Given data ▸
== Segment start ==

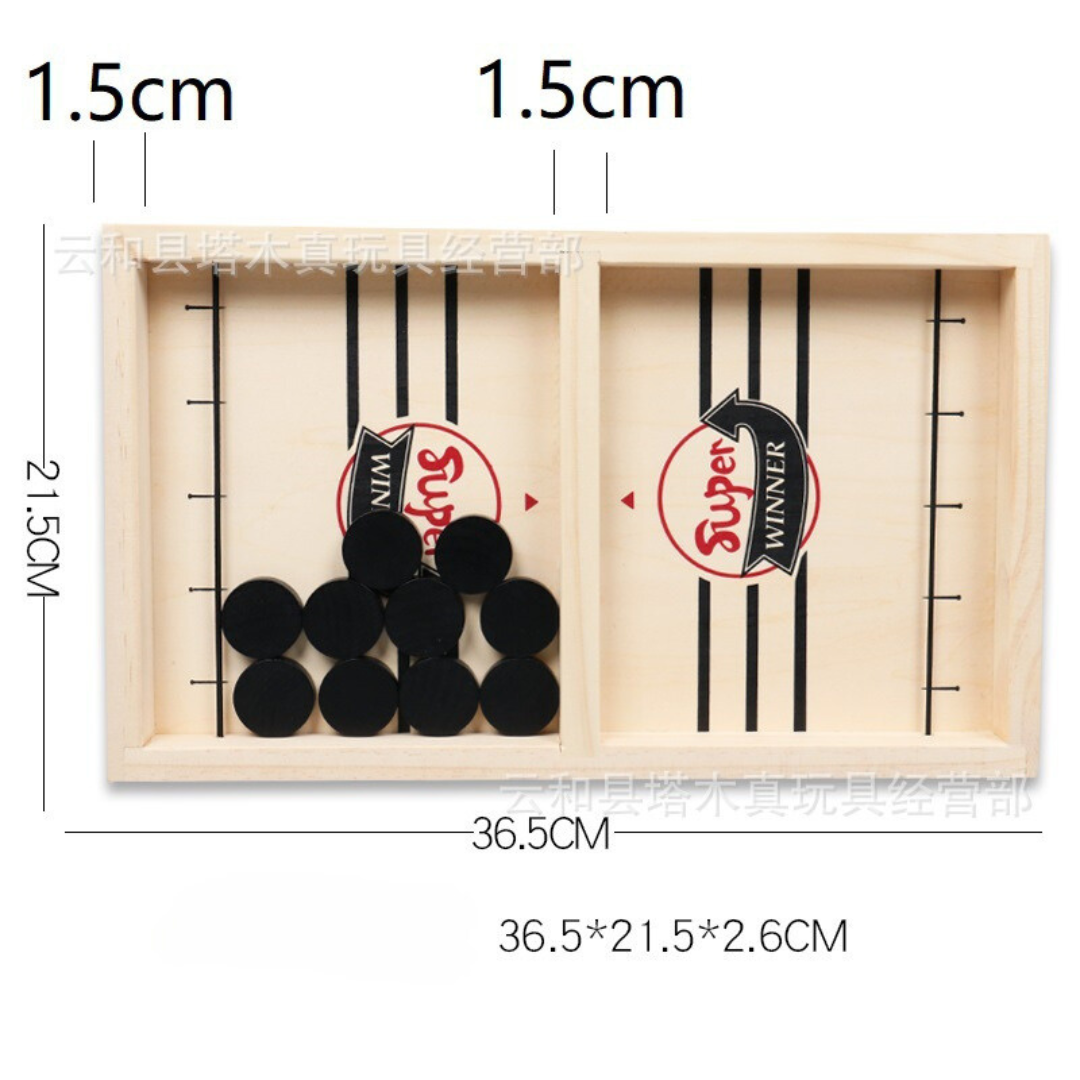 SupperWinner - Wooden Pinball Game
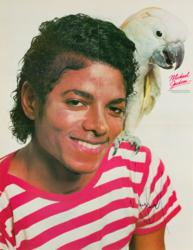 Lot #890 Michael Jackson Poster - Image 1
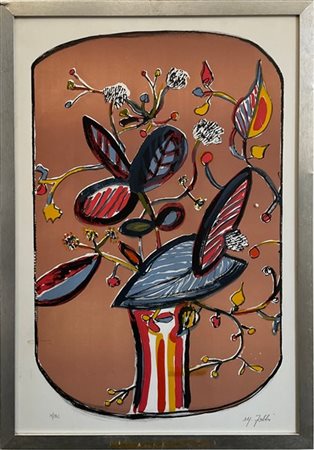 Pierluigi Bacchi - Grizzini - Alfredo Fabbri Tre litografie a colori di soggetto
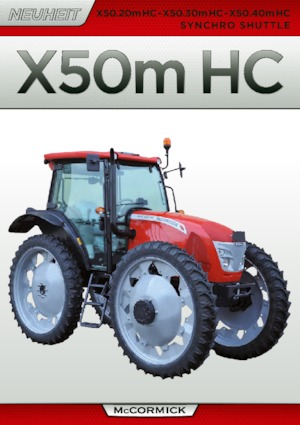 Tractoare 4WD McCormick X50.40m-HC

== Segment end ==

What the task asks ▸
The material must be restated verbatim. Its pictures must be omitted.

Result of the task ▸
 SupperWinner - Wooden Pinball Game
 Lot #890 Michael Jackson Poster - Image 1
 Pierluigi Bacchi - Grizzini - Alfredo Fabbri Tre litografie a colori di soggetto
 Tractoare 4WD McCormick X50.40m-HC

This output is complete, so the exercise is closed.